I mean yes it would be awesome to use your network to upsample stuff but that is apperently hard. What about upsampling something DL friendly and trying to reduce the downsamplesize as the challange?
Since time domain content is the reconstruction target, wouldn't LSTMs be a better choice than CNNs? I would think the spectral content would be time variant and depend on the sequential history.
My thinking is this is a good GAN problem. L2 norm will have these bad trivial upscalings as local minima - since L2 in time domain is the same as L2 in frequency domain, you can think in the frequency domain that it basically has this big black area to infill from very little information. If you had some sort of perceptual similarity, on the other hand, there will be lots of adjacent improvements in quality that will reduce the error and make it easier to train. I think this matches the results seen in image upscaling, too.
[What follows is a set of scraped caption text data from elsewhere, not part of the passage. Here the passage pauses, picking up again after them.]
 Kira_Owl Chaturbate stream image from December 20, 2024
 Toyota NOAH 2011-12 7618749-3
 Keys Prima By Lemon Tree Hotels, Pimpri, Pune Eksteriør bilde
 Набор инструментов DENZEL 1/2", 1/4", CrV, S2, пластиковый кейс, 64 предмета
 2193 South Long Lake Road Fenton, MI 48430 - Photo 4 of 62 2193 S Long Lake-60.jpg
In fact, when you listen to the downsampled example, there is actually a lot of information in the extract. Way more than enough. That's because the frequency should be in log scale to be more relevant to the human hear.
Here the frequency cutoff is 2 Khz, which is already a fairly high pitch.
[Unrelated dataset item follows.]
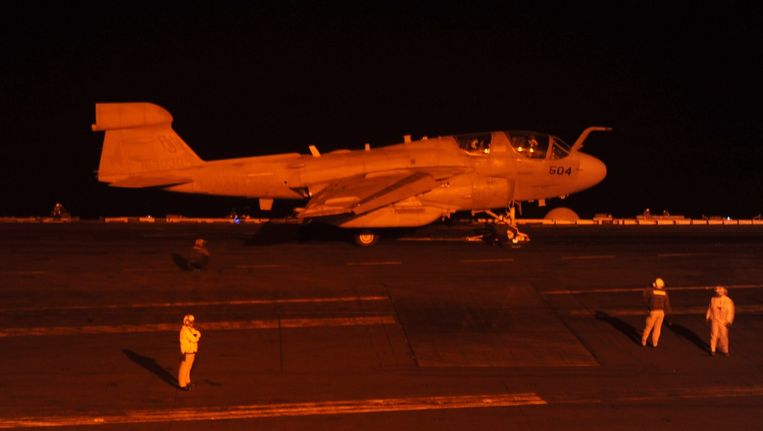 Een toestel klaar voor vertrek aan boord van de USS George H.W. Bush. Beeld afp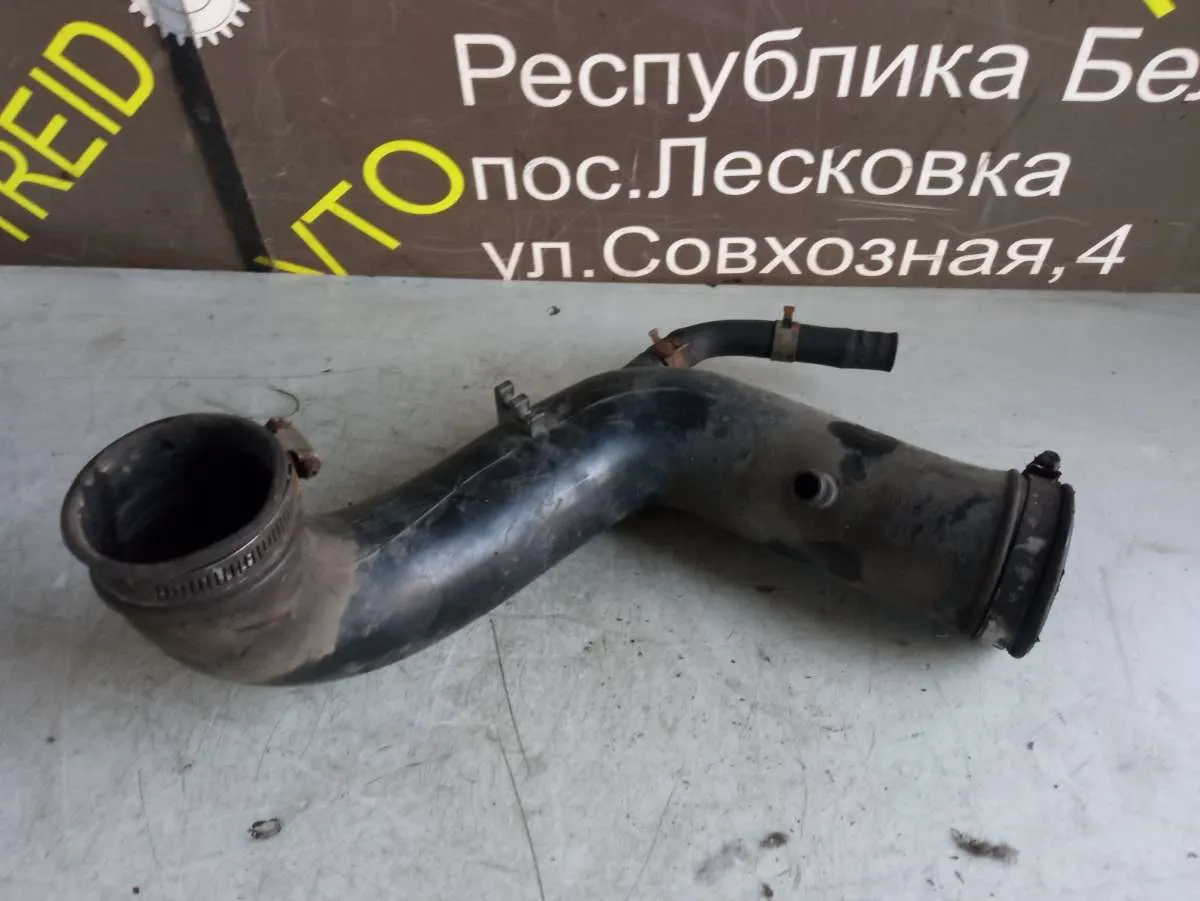 патрубок воздушного фильтра Nissan Serena C23 — фото 2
I completely agree. You could even tell from the picture of the spectrum above that the "reconstruction" was not a success. The spectrum looks like it's been reconstructed by a flat extrapolation of the amplitude of the last frequency known.
This is exactly the kind of projects where deep models should excel. Something's not working properly here.
"Something's not working properly here" - I disagree. The model will overtrain (i.e. perfectly reconstruct the original waveforms of a small training set), which indicates it's capable of learning the necessary transformation. The problem lies in the limited amount of training time I had. To reiterate from an earlier comment, I trained on only 10 epochs, while the paper this is base on claimed to train on 400. Much more training is required for this model to generalize well without degrading the signal-to-noise ratio.
Hey thanks for the comment. That makes sense, I'd be interested in hearing the results with more training. This could work well and have a good range of applications.
"the reconstructed audio sounded terrible" - I think this is referring to the amount of static noise in the reconstructed waveform. Indeed, the SNR clearly shows the reconstruction is slightly worse than the downsampled waveform. As mentioned in the post, I strongly believe this is due to the limited amount of training I performed. The number of epochs of training data in my case was only 10 while the paper this project is based on trained for 400 epochs. During training I noticed a strong dependence on training epochs and perceptual performance.
My ears think so too, but upsampling by just 2 is roughly the same difficulty as upsampling an image by 2. As you probably know, you can't just CIA-like "ENHANCE" an image to double its resolution and expect its noise level to be lower than, I don't know, 10 decibels (of image brightness). Yet our ears can notice noise as low as 40-50 decibels, so it would be nearly impossible to reconstruct higher frequencies so that the result has no noticeable noise.
In this research, the author is attempting to upsample by a bit more than 2.
That's the point of using deep learning here. Of course you can't make up the missing information, but by training the model with a lot of samples, it should eventually reach a point where it produces the most likely original information.
> you can't just CIA-like "ENHANCE" an image to
> double its resolution
I think what you're saying is that if the high frequency information is gone, it's gone? But that shouldn't matter.. we don't need it to be identical to the original. It just needs to sound identical to the original.
If you hit a snare drum 5 times in a row, the high frequency data of each hit will differ wildly, and yet a human won't be able to tell the difference.
I'd be curious to see if any better results could be obtained by applying a similar technique in the frequency domain.